While Standard & Poor's agreed to pay the government, states and Calpers a total of $1.5 billion for its inflated ratings of mortgage securities prior to the 2008 financial crisis, wiping out its operating profit for last year, its business model was left unchanged.
It still will be paid by the companies whose bonds it rates. Obviously that gives S&P an incentive to inflate ratings. Already it is giving top ratings to securities backed by sub-prime auto loans that many experts view as suspect.
"S&P got off cheap, and the fact that none of the people in charge of the company at the time are going to jail tells you it’s business as usual between Washington and Wall Street," writes
Bill Saporito of Time magazine.
"The company was quick to point out that it wasn’t guilty of what it admitted to: 'the settlement contains no findings of violations of law,' the company’s press release asserts."

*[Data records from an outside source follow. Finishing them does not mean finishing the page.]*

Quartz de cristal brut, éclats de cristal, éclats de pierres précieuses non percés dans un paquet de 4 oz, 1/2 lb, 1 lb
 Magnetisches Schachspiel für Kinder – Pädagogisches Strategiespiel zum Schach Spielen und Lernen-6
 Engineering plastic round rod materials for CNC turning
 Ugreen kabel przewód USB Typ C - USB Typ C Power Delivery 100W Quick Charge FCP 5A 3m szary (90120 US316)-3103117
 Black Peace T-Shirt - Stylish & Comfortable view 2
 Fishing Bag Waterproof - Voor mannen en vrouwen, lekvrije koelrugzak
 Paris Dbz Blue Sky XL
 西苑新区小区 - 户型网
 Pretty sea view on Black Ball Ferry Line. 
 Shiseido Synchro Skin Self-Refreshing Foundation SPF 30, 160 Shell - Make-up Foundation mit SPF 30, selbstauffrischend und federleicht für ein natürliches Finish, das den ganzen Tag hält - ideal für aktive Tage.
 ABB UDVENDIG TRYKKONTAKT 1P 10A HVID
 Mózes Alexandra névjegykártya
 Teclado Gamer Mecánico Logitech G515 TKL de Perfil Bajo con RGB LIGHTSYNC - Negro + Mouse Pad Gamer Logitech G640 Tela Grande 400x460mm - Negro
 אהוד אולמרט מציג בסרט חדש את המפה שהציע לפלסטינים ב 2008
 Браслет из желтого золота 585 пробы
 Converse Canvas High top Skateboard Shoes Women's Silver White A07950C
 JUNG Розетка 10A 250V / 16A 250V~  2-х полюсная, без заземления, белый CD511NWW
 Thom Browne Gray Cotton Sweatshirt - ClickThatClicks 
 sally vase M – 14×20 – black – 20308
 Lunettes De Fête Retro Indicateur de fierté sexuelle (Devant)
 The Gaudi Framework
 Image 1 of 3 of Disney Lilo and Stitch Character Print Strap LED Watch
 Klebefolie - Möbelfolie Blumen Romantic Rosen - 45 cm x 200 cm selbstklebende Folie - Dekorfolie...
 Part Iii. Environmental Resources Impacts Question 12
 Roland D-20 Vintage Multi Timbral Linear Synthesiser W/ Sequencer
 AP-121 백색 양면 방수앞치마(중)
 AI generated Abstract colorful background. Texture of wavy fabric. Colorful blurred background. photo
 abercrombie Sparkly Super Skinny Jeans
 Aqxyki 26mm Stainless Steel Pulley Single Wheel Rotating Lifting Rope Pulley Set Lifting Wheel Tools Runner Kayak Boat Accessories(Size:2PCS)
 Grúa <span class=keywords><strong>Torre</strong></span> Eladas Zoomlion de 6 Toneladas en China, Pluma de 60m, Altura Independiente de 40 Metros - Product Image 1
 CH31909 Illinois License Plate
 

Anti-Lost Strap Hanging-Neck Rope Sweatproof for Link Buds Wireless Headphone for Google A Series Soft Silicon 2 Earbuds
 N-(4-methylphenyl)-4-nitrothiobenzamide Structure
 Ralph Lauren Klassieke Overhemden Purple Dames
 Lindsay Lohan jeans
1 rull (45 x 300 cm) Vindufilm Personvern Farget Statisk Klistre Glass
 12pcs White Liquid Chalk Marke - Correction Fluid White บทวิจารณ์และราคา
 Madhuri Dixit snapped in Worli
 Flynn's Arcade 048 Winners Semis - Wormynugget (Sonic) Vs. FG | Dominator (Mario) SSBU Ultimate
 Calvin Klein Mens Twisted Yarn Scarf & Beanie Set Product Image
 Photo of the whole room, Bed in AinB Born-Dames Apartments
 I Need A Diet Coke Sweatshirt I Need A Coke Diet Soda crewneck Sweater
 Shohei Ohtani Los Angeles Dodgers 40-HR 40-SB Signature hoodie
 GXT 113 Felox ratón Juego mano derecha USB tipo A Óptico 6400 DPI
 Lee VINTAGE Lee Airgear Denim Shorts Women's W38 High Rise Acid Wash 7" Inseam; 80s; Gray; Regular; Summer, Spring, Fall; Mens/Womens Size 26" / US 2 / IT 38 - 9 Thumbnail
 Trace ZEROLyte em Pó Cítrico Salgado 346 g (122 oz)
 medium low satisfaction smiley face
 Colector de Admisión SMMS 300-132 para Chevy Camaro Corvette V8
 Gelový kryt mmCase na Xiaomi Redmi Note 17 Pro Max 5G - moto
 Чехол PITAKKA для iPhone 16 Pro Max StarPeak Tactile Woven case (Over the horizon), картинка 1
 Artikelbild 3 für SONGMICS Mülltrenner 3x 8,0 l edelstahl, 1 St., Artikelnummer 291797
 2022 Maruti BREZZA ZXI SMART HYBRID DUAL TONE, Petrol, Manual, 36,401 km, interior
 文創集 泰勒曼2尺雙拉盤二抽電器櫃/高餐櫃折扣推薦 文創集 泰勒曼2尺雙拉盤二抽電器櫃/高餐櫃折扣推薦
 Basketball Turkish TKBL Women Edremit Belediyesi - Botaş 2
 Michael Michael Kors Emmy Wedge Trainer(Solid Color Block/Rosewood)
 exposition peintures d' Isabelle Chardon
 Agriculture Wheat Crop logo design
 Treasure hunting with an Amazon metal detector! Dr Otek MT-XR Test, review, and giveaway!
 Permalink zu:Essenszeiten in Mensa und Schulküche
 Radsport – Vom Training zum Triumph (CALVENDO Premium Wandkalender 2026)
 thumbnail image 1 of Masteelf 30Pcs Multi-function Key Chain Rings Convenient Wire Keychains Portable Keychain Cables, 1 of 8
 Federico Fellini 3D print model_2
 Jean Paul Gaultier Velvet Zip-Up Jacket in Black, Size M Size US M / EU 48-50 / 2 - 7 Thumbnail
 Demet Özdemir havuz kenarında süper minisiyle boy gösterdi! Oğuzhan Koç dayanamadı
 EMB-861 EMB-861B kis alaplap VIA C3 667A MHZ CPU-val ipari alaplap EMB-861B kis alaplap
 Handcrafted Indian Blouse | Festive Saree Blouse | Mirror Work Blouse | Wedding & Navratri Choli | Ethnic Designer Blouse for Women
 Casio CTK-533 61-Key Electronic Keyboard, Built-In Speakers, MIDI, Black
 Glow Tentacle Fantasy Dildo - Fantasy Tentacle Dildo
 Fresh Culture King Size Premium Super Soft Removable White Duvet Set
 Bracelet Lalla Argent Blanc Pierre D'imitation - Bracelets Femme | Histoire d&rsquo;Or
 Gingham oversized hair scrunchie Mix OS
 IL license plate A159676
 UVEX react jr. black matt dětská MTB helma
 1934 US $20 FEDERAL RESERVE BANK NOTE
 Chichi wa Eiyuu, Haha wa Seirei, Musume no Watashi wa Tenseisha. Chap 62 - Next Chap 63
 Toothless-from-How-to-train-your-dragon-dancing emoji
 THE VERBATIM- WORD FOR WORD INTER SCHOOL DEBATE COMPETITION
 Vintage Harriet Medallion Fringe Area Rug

So where does that leave us? S&P, Fitch and Moody's continue their oligopoly among ratings agencies, Saporito notes. "At some point in the future you can expect the same problems to crop again."
Bloomberg View columnist Matt Levine expresses some skepticism about the settlement too, though from a different angle.
"If S&P's core business of rating securities was for three critical years 'a scheme to defraud investors,' why is S&P still rating securities? Not as a regulatory matter, I mean, as a market one," he writes.
"If investors were defrauded, why are they still persuaded by S&P ratings? And if they're not persuaded, why are issuers still paying for those ratings?"